Welcome

Terima Kasih Kunjungannya...

Senin, 01 November 2010

LEGAL OPINION CALON INDEPENDEN PEMILUKADA


LATAR BELAKANG PENULISAN

Dalam konsep mengenai Negara Hukum Modern yang berfungsi sebagai welfare state, berdasarkan konferensi di Bangkok tahun 1965, salah satu syarat dasar yang penting untuk mewujudkan apa yang dinamakan Rule of Law adalah pemilihan umum yang bebas. Dengan kata lain, penyelanggaraan pemilihan umum yang bebas adalah sebagai salah satu tolak ukur untuk menentukan keberhasilan demokrasi di suatu negara hukum.

Pemilihan umum yang berkualitas pada dasarnya dapat dilihat dari dua sisi, yaitu sisi proses dan hasilnya.
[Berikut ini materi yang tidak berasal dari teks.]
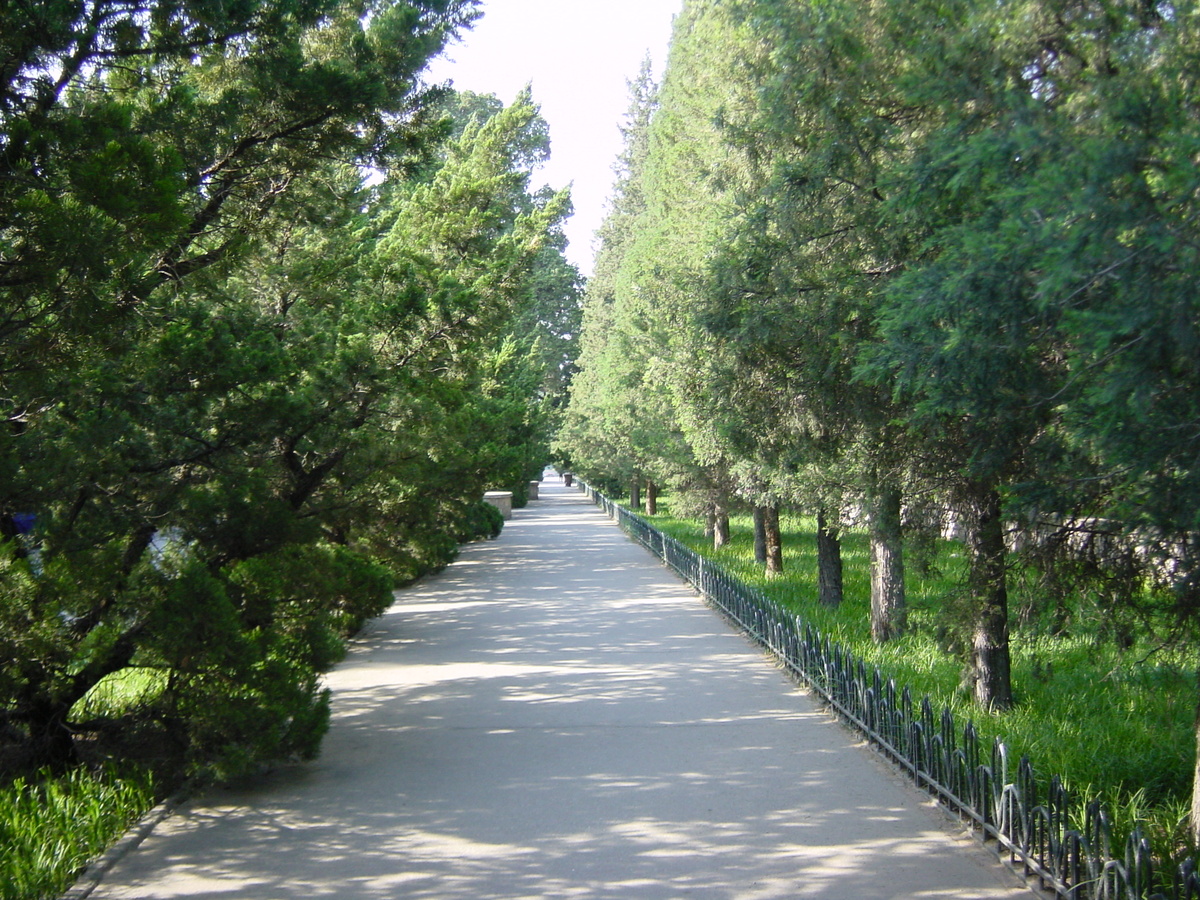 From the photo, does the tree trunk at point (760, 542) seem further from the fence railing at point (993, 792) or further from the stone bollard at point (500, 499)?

Pemilu dapat dikatakan berkualitas dari sisi psosesnya, apabila Pemilu itu berlangsung secara demokratis, aman, tertib, dan lancar, serta jujur dan adil. Sedangkan apabila dilihat dari sisi hasilnya, Pemilu itu harus dapat menghasilkan wakil – wakil rakyat dan pemimpin negara yang mampu mensejahterakan rakyat, di samping pula mengangkat harkat dan martabat bangsa di mata dunia Internasional. Begitu pentingnya kedudukan dan fungsi wakil rakyat dalam siklus ketatanegaraan dan agar wakil – wakil rakyat benar – benar bertindak atas nama rakyat, maka wakil rakyat itu harus ditentukan sendiri oleh rakyat, yaitu melalui Pemilihan Umum (general election) .
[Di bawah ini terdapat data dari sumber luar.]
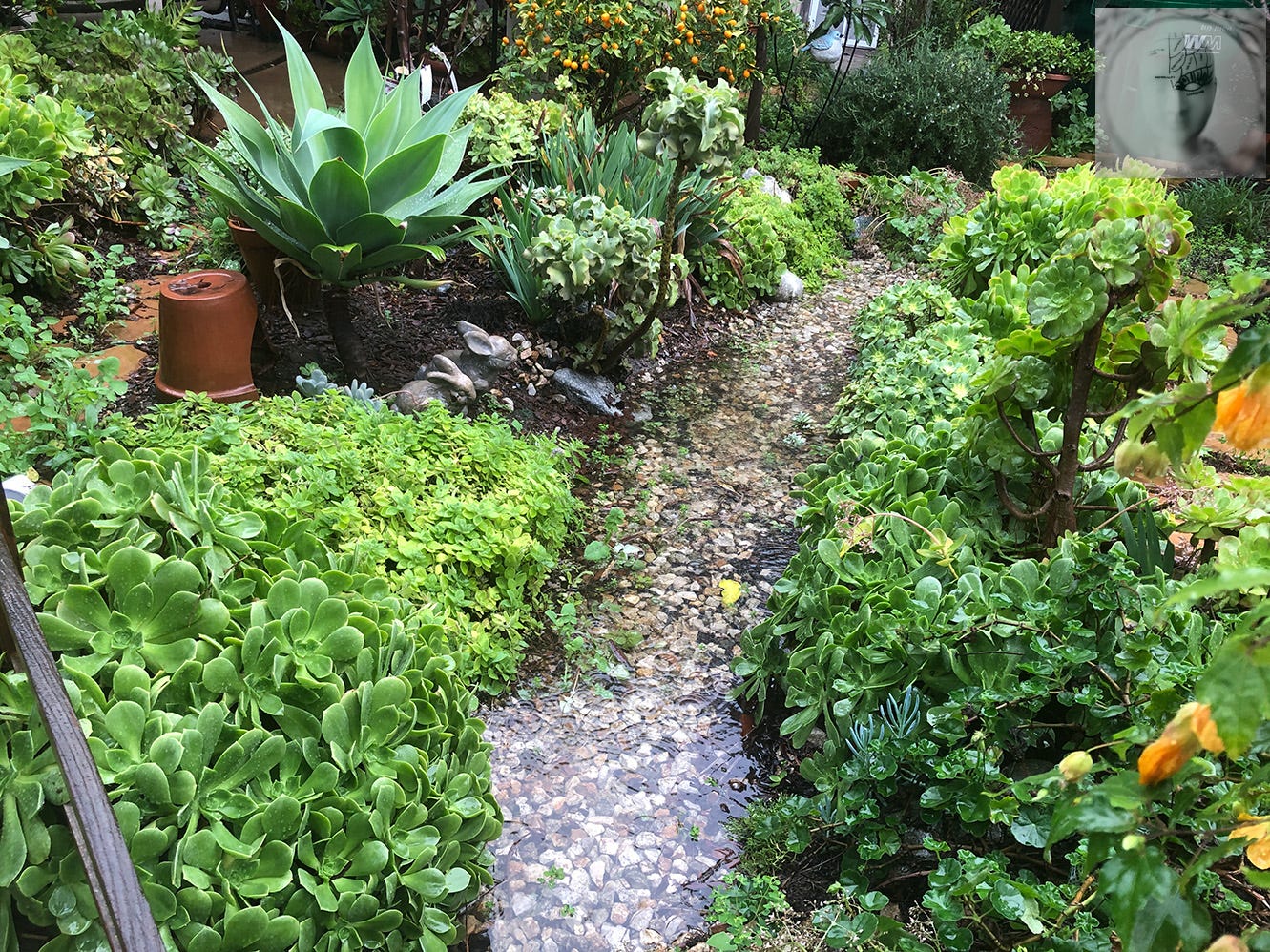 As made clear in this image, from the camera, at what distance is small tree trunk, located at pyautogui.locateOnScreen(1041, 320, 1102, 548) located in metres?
2.03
Di negara demokratis, pemilu adalah sumber utama untuk rekruitmen politisi dengan partai politik sebagai sarana utama dalam penominasian kandidat. Kegiatan seseorang dalam partai politik merupakan suatu bentuk partisipasi politik yang mencakup semua kegiatan sukarela melalui mana seseorang turut serta dalam proses pemilihan pemimpin – pemimpin politik dan turut serta secara langsung atau tak langsung dalam pembentukan kebijaksanaan umum. Oleh karena itu, keberadaan partai politik merupakan instrumen yang paling esensial dalam pelaksanaan pemilu, terlepas dari adanya faktor – faktor lain yang menentukan seperti yang saat ini sedang hangatnya, yaitu adanya kesempatan untuk mengikuti pemilu secara independen atau perseorangan.

Kehadiran calon perseorangan dalam pemilihan kepala daerah penting artinya dalam rangka mendobrak kejumudan demokrasi procedural pemilihan kepala daerah menuju demokrasi lokal yang berkeadilan. Mengingat begitu vitalnya pemilihan seorang kepala daerah, agar kesempatan setiap orang untuk maju dalam pemilihan sesuai dengan hak baik memilih maupun dipilih, maka pemilihan melalui jalur independen juga harus diperhitungkan sebagai jaminan hak konstitusional.

Penyuguhan pandangan atau pendapat hukum (legal opinion) yang dibuat oleh para kritikus hukum yang terdiri dari intelektual akademisi, praktisi hukum, maupun pengamat masalah sosial politik dan hukum umumnya berisikan masukan (input) dalam sudut pandang fungsi penerapan hukum dan manfaatnya dalam masyarakat, dan bagaimana cara kerja hukum itu agar tidak meresahkan masyarakat apabila disosialisasikan sebagai produk perangkat hukum. Berdasarkan hal tersebut, guna dapat memberikan masukan yang kedepannya bermanfaat bagi recht vinding, maka dibuatlah sebuah Legal Opinion yang berjudul “Calon Independen Pemilukada Untuk Mewujudkan Terobosan Demokrasi yang Baik”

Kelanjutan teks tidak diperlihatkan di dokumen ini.